[REQUIREMENT] Show every line in the material below in which the string "Paul" appears.
# # # #
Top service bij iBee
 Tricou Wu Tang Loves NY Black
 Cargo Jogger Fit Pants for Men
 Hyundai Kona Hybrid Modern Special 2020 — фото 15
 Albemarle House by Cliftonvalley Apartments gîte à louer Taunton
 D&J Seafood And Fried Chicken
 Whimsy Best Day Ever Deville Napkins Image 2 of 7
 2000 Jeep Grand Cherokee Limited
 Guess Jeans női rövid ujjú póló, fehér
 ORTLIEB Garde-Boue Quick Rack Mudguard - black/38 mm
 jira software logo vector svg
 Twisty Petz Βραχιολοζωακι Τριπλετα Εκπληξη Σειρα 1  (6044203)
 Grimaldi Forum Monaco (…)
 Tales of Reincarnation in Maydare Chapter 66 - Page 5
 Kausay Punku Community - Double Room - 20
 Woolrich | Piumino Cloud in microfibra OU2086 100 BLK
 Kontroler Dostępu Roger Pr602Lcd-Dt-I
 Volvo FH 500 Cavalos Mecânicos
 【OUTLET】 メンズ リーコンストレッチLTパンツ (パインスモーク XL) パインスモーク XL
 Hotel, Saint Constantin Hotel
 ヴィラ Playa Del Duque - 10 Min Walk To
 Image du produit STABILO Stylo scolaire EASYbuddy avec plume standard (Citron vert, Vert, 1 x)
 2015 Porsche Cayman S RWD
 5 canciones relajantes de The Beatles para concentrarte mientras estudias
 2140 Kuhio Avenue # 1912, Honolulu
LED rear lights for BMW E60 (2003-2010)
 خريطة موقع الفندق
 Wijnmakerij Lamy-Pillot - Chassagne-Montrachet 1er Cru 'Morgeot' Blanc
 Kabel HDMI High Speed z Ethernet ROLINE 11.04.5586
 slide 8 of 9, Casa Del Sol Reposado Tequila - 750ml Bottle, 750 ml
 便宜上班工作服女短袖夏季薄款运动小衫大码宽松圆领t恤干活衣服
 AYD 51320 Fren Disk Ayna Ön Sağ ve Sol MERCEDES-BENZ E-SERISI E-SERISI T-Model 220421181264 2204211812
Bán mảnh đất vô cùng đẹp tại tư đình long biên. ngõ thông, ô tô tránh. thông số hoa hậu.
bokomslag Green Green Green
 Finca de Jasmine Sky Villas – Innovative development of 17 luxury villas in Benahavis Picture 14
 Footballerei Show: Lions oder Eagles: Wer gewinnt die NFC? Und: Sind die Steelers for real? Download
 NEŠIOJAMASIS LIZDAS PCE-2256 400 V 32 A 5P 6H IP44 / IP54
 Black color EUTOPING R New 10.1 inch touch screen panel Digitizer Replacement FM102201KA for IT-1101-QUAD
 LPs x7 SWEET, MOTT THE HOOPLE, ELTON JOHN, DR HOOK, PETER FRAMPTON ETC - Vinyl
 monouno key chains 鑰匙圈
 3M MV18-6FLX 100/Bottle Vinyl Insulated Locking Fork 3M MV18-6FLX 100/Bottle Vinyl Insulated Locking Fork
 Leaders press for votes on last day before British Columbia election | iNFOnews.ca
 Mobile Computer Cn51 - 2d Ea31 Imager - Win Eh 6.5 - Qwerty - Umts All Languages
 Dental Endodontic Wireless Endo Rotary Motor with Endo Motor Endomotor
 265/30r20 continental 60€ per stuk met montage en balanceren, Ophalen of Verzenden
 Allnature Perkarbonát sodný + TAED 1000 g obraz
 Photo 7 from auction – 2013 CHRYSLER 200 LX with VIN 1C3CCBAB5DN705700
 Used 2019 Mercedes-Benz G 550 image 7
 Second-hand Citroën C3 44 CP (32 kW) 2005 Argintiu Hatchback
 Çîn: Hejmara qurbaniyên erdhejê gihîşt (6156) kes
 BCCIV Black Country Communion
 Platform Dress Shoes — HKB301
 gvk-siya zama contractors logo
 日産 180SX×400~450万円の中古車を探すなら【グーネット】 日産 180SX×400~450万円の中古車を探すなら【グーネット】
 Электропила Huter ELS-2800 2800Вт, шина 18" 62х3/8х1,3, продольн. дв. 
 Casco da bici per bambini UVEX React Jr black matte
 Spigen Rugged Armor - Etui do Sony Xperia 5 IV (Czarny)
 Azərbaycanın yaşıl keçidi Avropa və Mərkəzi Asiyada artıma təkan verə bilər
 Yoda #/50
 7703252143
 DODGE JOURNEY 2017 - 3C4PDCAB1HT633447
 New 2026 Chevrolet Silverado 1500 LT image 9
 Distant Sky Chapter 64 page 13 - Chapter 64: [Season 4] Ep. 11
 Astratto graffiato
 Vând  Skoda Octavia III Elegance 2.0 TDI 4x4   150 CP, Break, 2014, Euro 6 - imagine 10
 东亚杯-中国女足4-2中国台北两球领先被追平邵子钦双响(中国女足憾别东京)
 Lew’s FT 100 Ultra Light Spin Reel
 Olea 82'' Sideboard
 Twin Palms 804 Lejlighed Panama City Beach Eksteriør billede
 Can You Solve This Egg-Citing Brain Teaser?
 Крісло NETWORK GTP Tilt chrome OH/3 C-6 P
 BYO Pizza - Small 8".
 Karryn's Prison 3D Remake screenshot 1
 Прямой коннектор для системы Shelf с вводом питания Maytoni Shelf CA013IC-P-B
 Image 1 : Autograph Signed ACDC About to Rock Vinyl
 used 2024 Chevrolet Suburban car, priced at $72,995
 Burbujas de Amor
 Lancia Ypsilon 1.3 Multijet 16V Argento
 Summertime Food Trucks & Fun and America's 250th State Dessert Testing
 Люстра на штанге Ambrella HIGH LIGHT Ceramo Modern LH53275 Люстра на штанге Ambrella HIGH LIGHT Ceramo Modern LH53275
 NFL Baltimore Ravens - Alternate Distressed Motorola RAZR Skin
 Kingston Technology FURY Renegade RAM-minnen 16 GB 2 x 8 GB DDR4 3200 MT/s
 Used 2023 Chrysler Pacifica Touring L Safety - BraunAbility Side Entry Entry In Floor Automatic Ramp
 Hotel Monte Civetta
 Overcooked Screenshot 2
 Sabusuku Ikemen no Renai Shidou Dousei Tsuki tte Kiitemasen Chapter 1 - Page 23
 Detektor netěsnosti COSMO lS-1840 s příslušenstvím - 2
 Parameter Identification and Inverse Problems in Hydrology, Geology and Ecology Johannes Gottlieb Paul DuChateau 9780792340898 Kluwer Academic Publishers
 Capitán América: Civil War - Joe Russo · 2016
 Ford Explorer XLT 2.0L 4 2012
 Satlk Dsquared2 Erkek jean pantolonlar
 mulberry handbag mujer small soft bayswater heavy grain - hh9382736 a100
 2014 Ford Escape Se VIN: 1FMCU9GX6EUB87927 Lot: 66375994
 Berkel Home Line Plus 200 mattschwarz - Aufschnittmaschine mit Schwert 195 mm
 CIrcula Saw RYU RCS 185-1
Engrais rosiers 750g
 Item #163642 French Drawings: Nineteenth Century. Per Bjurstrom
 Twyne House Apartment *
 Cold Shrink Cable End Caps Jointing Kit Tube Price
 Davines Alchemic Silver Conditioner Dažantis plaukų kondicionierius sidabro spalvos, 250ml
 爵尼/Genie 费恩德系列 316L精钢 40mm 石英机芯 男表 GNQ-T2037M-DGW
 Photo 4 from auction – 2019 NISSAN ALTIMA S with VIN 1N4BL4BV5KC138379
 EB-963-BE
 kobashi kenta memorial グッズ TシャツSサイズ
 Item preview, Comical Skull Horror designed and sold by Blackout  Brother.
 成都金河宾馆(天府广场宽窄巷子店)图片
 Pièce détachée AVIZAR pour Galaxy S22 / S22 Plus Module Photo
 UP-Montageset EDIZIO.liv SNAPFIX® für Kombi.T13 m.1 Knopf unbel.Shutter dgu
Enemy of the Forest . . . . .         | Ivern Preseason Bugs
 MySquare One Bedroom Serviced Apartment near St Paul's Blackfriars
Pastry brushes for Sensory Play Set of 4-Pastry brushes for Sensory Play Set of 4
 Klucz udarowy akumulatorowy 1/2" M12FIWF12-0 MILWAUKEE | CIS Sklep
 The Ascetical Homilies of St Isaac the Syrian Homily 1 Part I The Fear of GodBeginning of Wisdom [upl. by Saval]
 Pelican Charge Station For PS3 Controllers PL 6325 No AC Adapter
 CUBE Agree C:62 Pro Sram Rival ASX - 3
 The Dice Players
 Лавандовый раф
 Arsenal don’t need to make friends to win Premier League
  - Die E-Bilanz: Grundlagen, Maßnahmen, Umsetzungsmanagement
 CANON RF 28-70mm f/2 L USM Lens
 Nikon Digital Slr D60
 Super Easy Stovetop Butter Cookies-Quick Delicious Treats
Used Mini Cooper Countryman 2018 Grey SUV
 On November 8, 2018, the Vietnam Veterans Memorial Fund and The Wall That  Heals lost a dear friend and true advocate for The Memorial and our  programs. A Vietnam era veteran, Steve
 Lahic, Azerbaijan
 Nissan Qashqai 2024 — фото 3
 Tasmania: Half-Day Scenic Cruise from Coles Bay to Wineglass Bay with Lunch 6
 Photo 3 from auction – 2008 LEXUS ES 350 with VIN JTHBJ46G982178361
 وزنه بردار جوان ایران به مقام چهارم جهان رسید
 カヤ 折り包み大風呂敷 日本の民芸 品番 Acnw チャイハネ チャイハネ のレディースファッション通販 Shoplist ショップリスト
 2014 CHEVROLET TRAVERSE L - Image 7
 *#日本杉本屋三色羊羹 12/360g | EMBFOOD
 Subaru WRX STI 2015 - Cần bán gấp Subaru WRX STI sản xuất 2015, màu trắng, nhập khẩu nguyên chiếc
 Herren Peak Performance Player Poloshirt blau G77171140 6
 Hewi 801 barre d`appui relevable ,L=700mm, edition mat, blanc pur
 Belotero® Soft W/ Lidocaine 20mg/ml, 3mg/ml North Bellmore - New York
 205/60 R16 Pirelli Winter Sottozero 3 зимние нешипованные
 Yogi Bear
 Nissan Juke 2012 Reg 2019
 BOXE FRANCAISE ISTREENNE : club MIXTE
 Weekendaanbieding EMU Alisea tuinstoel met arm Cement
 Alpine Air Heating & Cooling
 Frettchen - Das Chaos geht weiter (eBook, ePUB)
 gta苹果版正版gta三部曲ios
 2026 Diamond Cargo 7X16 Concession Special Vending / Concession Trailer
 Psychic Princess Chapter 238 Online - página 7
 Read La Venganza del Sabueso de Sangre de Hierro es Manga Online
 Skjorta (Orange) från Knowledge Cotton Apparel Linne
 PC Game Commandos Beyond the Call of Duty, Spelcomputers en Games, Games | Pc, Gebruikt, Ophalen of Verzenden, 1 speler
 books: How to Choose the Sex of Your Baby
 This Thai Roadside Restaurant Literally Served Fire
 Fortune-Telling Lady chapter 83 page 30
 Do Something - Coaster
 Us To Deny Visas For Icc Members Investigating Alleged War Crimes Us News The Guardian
# # # #
[EXERCISE SOLUTION]
 Parameter Identification and Inverse Problems in Hydrology, Geology and Ecology Johannes Gottlieb Paul DuChateau 9780792340898 Kluwer Academic Publishers
 MySquare One Bedroom Serviced Apartment near St Paul's Blackfriars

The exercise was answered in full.